The situation has become so alarming that the General Overseer of the Christian Action Faith Ministries (CAFM) Archbishop Duncan Williams led his congregation last Sunday in a prophetic attempt at redeeming the cedi from its sorry state.

He “commanded the cedi to rise” and prayed for God to give officials of the Bank of Ghana and the Finance Minister the best ideas to better manage the economy.

Archbishop Duncan Williams has been hugely criticized by some individuals including former head of Monitoring and Evaluation the Presidency, Dr Tony Aidoo.

Also, the currency analyst, Mr. Ampah, said “what we are experiencing with the cedi is speculation.”

  When people lack vital information about the economy, they begin to “panic” and as a result take desperate measures including buying of dollars.

FIRMS STILL PRICE IN DOLLARS
Despite the predicaments of the cedi, most institutions and companies are still pricing in dollars, without the approval of the Bank of Ghana (BoG). Though the central bank has warned several times that it would sanction any firm or institution which price in dollars, it has not acted.

So most businesses operating in Ghana, particularly hotels, have been charging dollars over the years, which further fuel the dollarization of the Ghanaian economy.

According to economists, dollarization occurs when the inhabitants of a country use foreign currency in parallel to, or instead of the domestic currency, as a store of value, unit of account, and/or medium of exchange within the domestic economy.

Senior officials of BoG say the bank was reviewing the laws regulating the exchange of dollars in the country for parliamentary approval and enactment.

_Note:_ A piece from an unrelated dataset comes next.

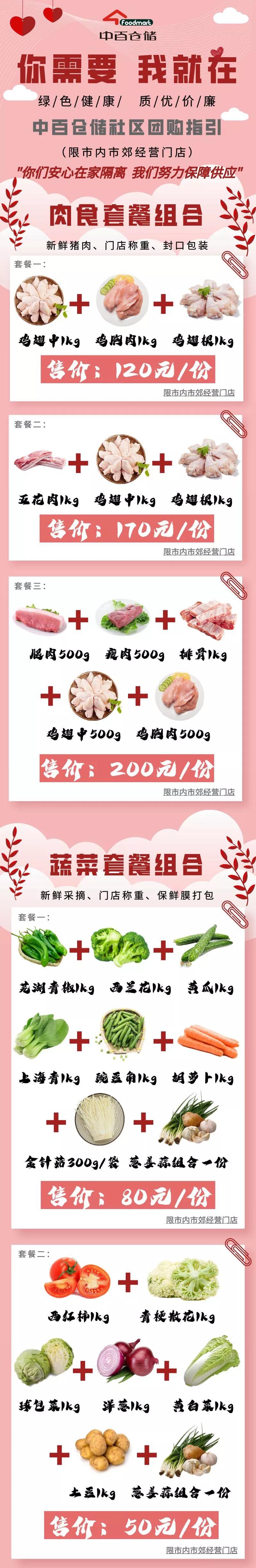 武汉各大超市团购价格表指南,武汉超市购物攻略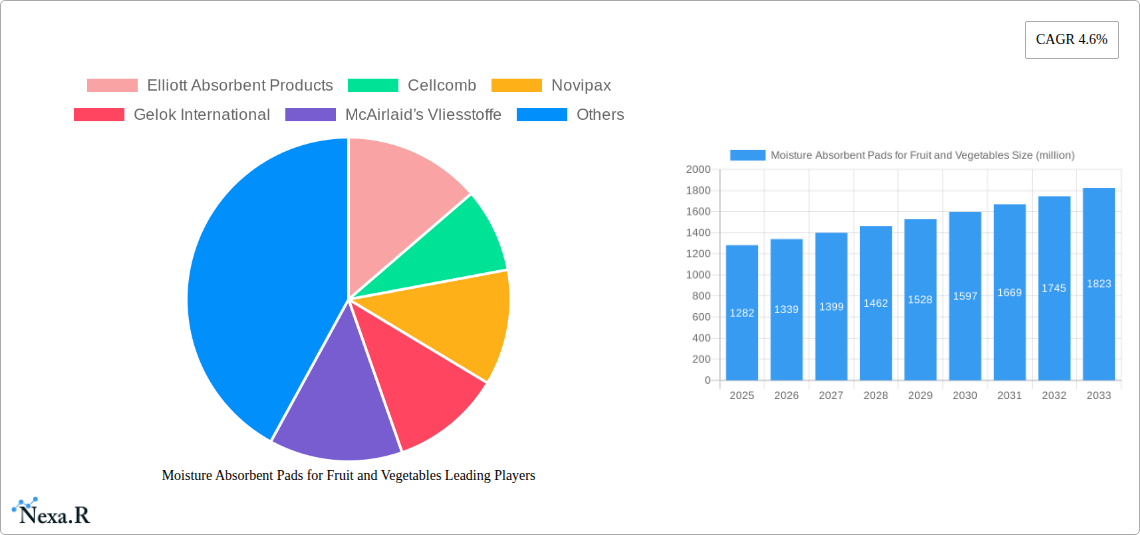 Moisture Absorbent Pads for Fruit and Vegetables Research Report - Market Overview and Key Insights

When the laws are reviewed, they would ensure that the central bank takes punitive actions against financial institutions that also violate the foreign exchange laws. It also sees the review as part of measures to stabilize the cedi and manage the supply of dollars in the economy.

Under the existing foreign exchange laws, no institution in Ghana, other than those licensed by Bank of Ghana, is allowed to price, advertise, receive or make payment in any foreign currency.

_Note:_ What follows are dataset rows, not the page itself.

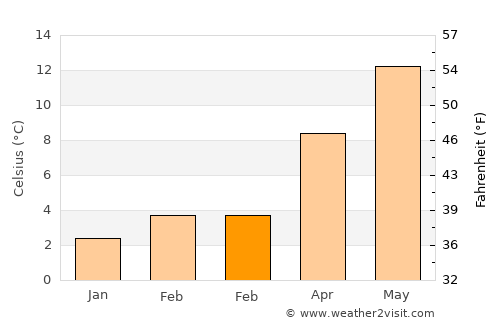 Riom average temperature in February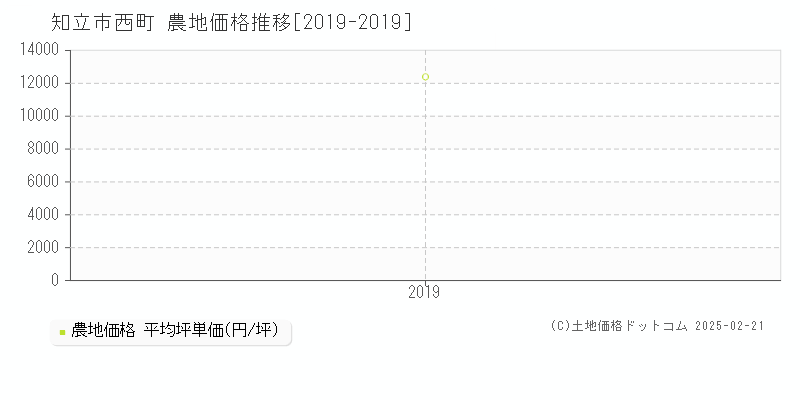 西町(知立市)の農地価格推移グラフ(坪単価)[2019-2019年]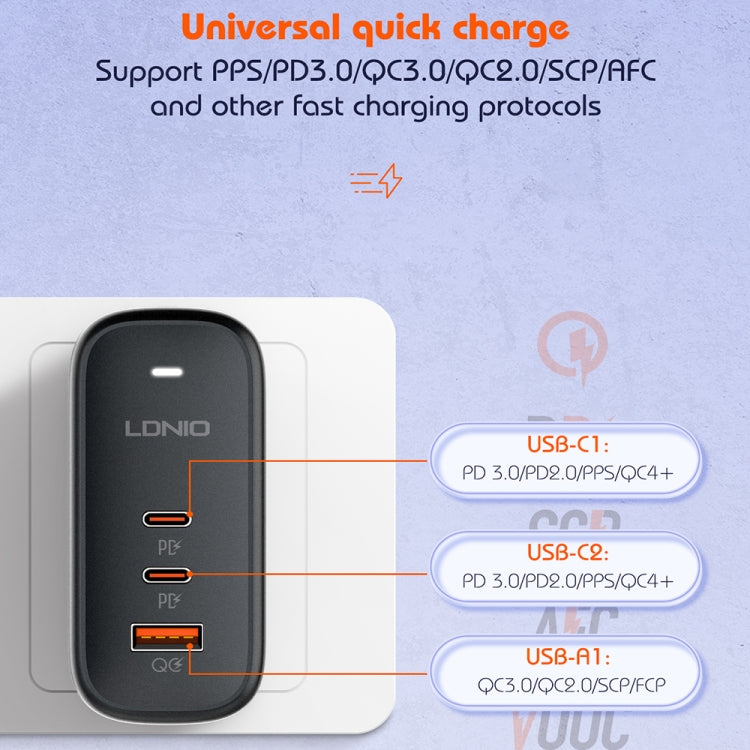 LDNIO Q366 65W USB + Dual Type-C Port Charger with 1m USB-C / Type-C to USB-C / Type-C Data Cable, Plug Type:EU Plug(Black) - free shipping - PMC Jewellery - Order now!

These include currency for goods or services such as school fees, sale and rental of vehicles, real estate, airline tickets, and domestic contracts, just to name a few.

The Governor of the Bank of Ghana, Dr. Henry Kofi Wampah, said there were sanctions placed on banks that violated the foreign exchange laws.

According to him, it was possible to revoke the licenses of institutions that operate against the foreign exchange laws. However, Dr. Wampah was quick to add that the recent measures introduced to check the practice were yielding some results.

MEASURES
The Governor of the bank, Dr Henry Kofi Wampah, whom some Members of Parliament (MPs) have called for his resignation over the management of the cedi recently, announced that the bank had   injected $20 million into critical areas of the economy as part of efforts to shore up the cedi.

However, he declined to give details, insisting that there were plans to roll out more stringent measures to fend off mounting inflation and stabilise the cedi.

According to him, the decline in the value of currencies was not peculiar to Ghana, but was pervasive in many parts of the world.

The central bank had already issued new regulations to improve liquidity on the interbank currency market and shore up the local currency, Dr Wampah said.

The regulations require all commercial banks in the country to quote a two-way pricing of currency exchange and limit the spread on corporate transactions to a maximum of 200 percentage points.

“I believe this new set of measures and others to follow soon are transformational and will help revamp our interbank market and stabilise the local currency,’ he said.

The BoG Governor and his team are expected to go to Parliament to reinforce their regulatory control of the currency under the current circumstances.